> _Task directions_: Copy the data exactly, pictures aside.

((

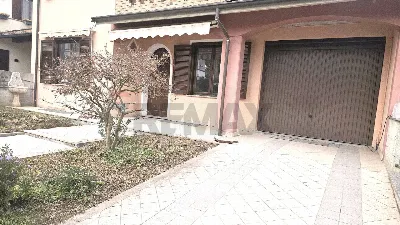 Casa Indipendente in vendita a Sannazzaro ... - foto 2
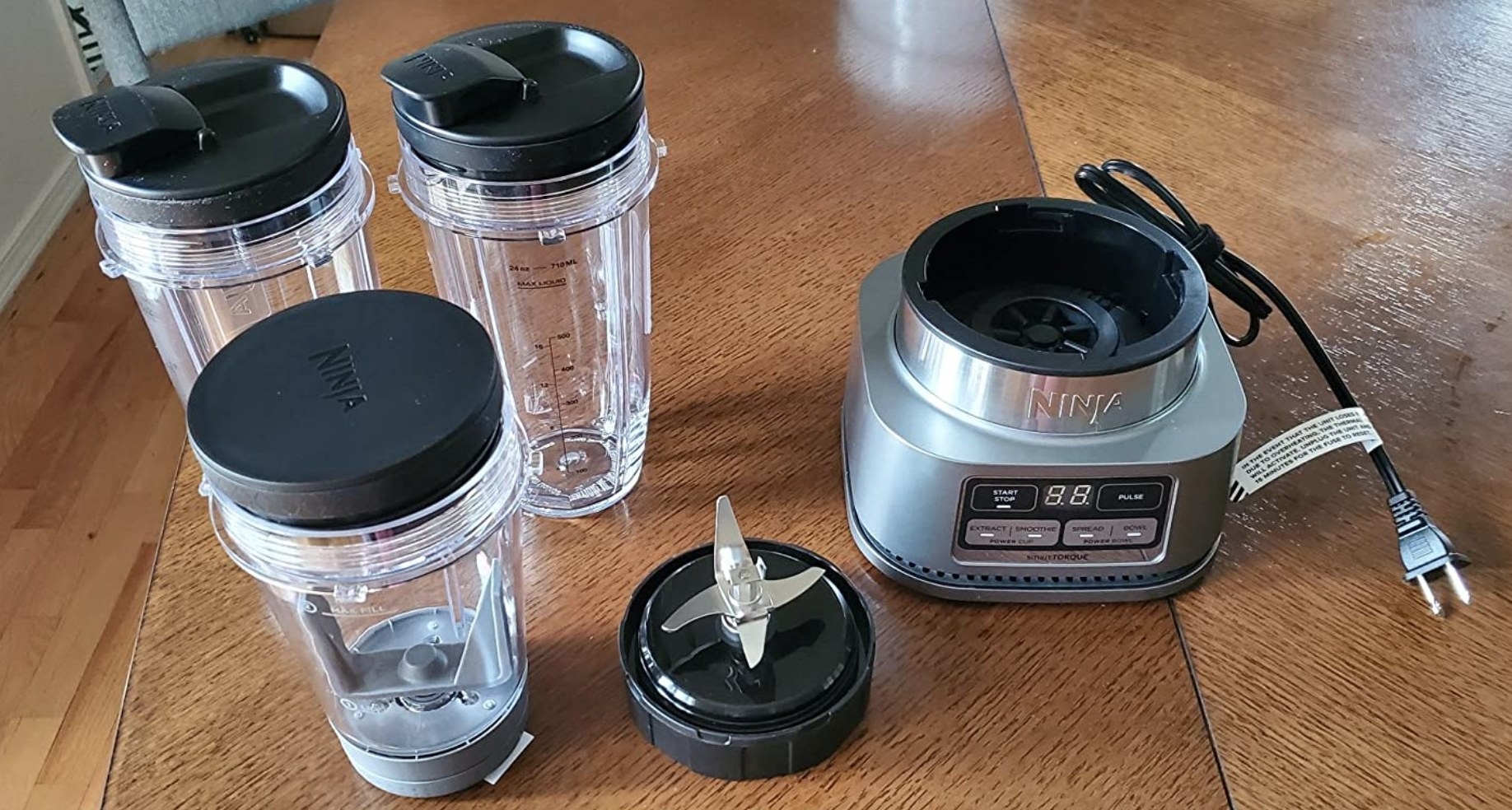 reviewer photo showing the included pieces with the blender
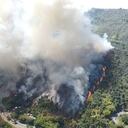 Las llamas se han extendido rápidamente por la vía Floridablanca - Piedecuesta, Santander.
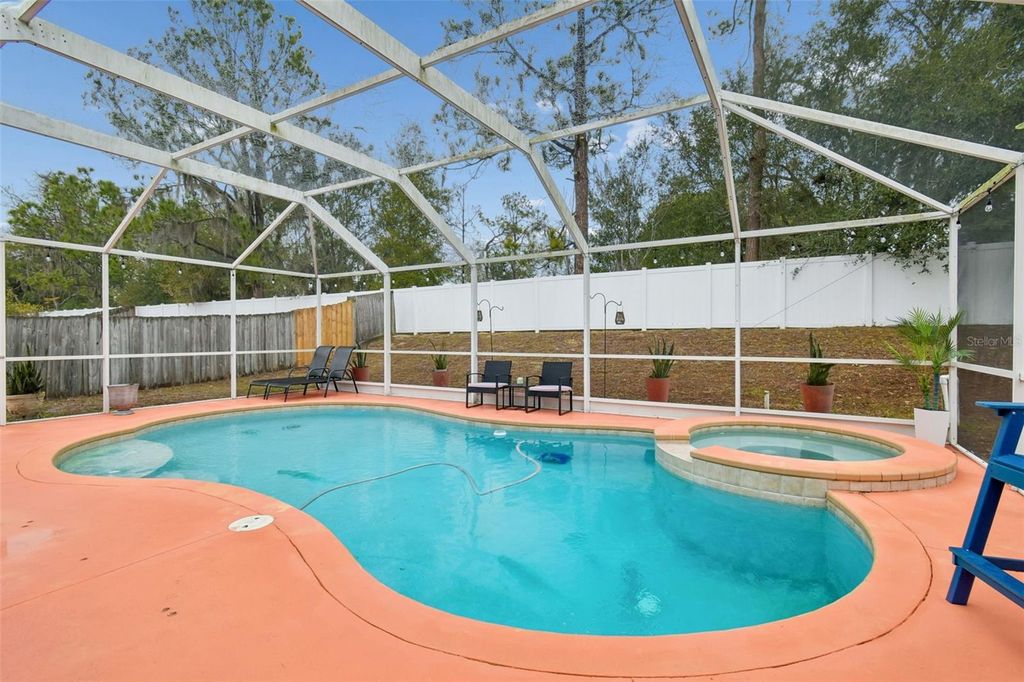Image 4 of property listing at 837 ROCKY MOUNTAIN COURT, Valrico, FL 33594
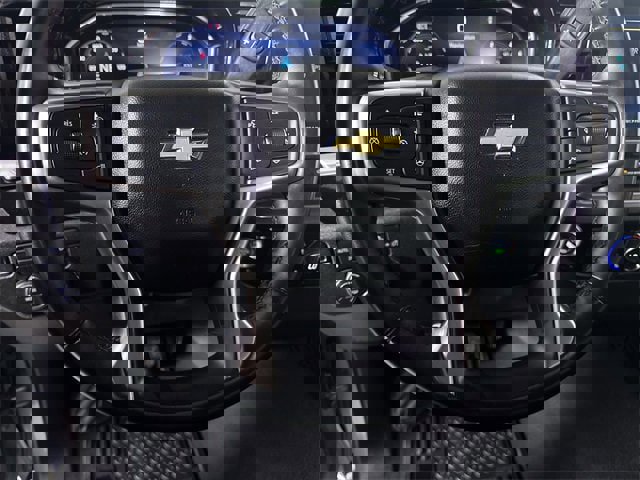 Used 2025 Chevrolet Silverado 1500 LT image 11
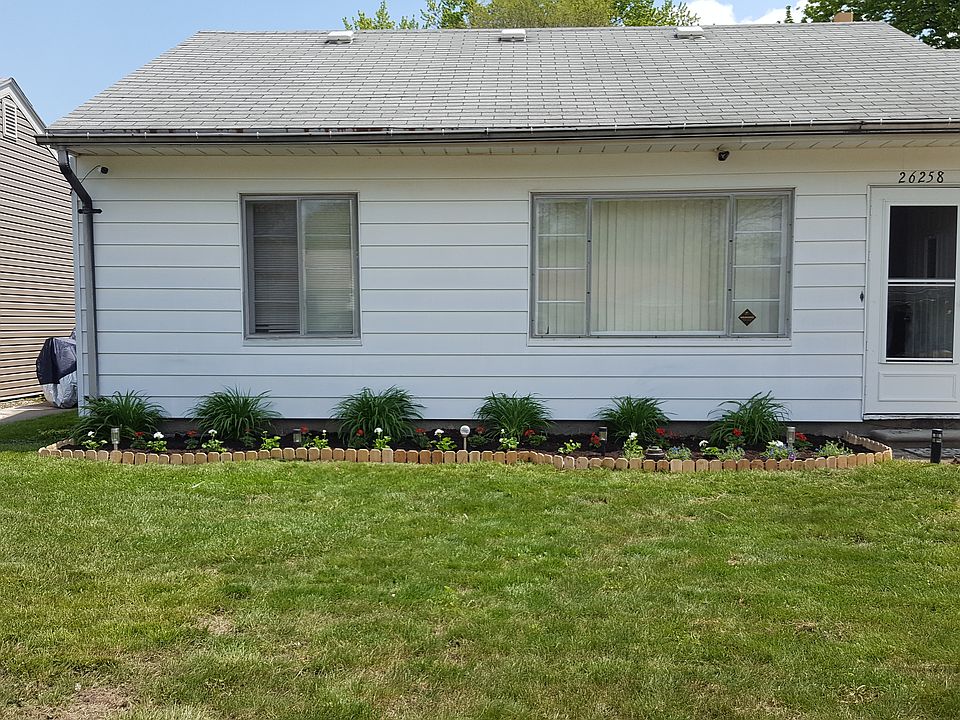 Well kept front yard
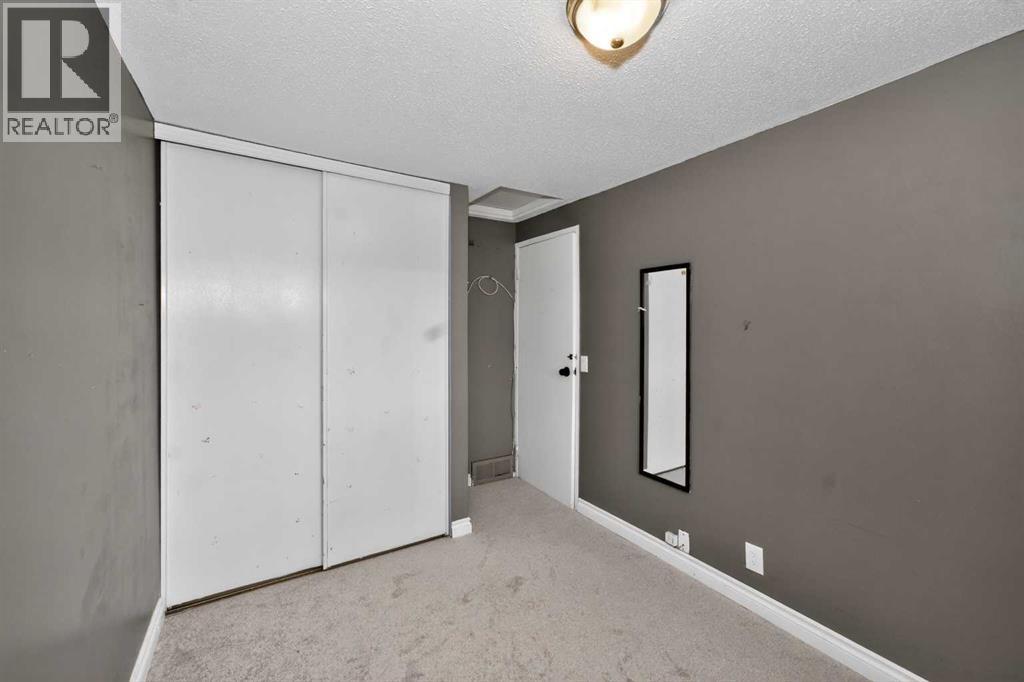 10 Falconer Terrace NE - 19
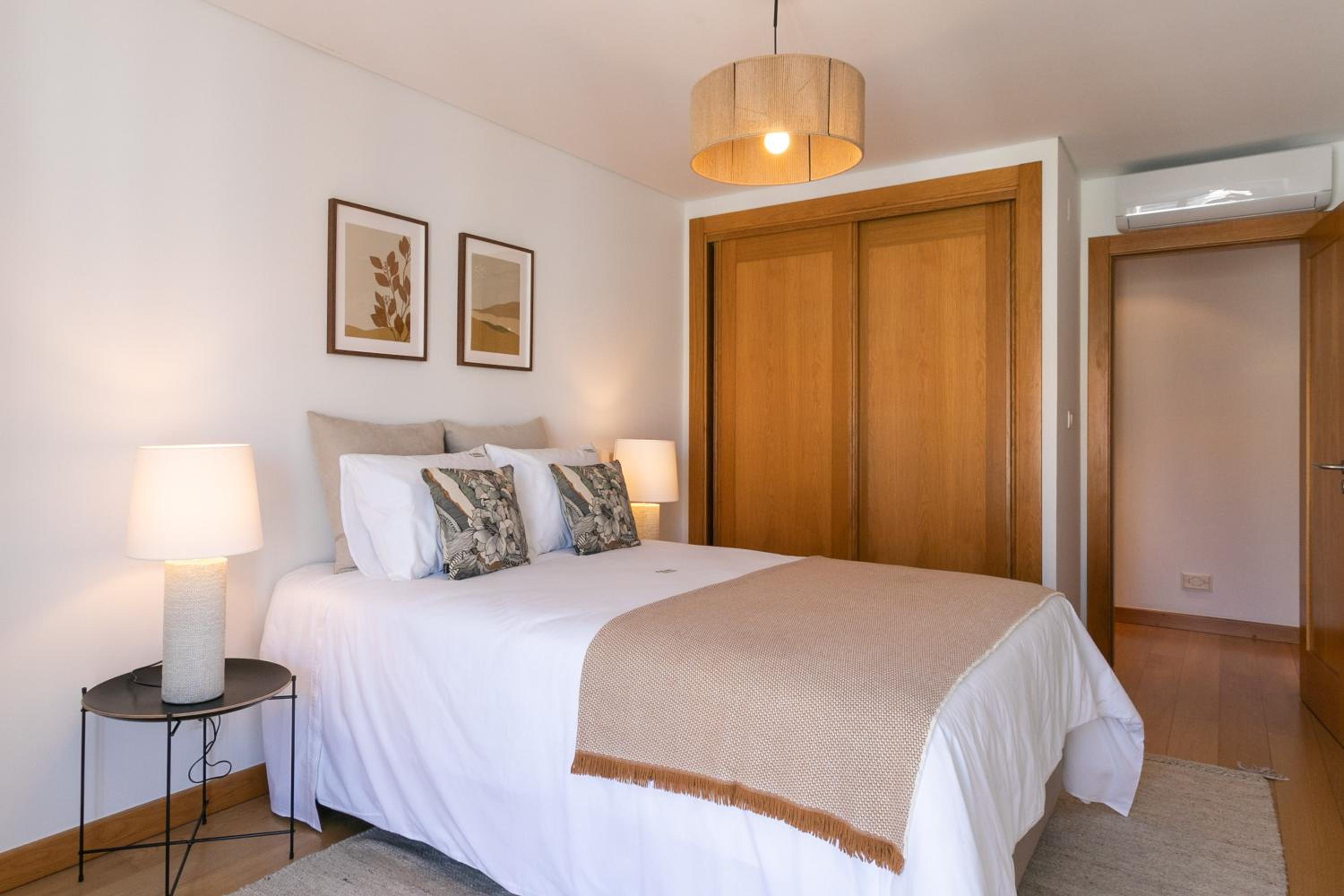 Spacious and Chic Apartment with Lisbon, Sintra, or Beach at 15 min! view 4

))

> _Answer to this exercise_:
 Casa Indipendente in vendita a Sannazzaro ... - foto 2
 reviewer photo showing the included pieces with the blender
 Las llamas se han extendido rápidamente por la vía Floridablanca - Piedecuesta, Santander.
Image 4 of property listing at 837 ROCKY MOUNTAIN COURT, Valrico, FL 33594
 Used 2025 Chevrolet Silverado 1500 LT image 11
 Well kept front yard
 10 Falconer Terrace NE - 19
 Spacious and Chic Apartment with Lisbon, Sintra, or Beach at 15 min! view 4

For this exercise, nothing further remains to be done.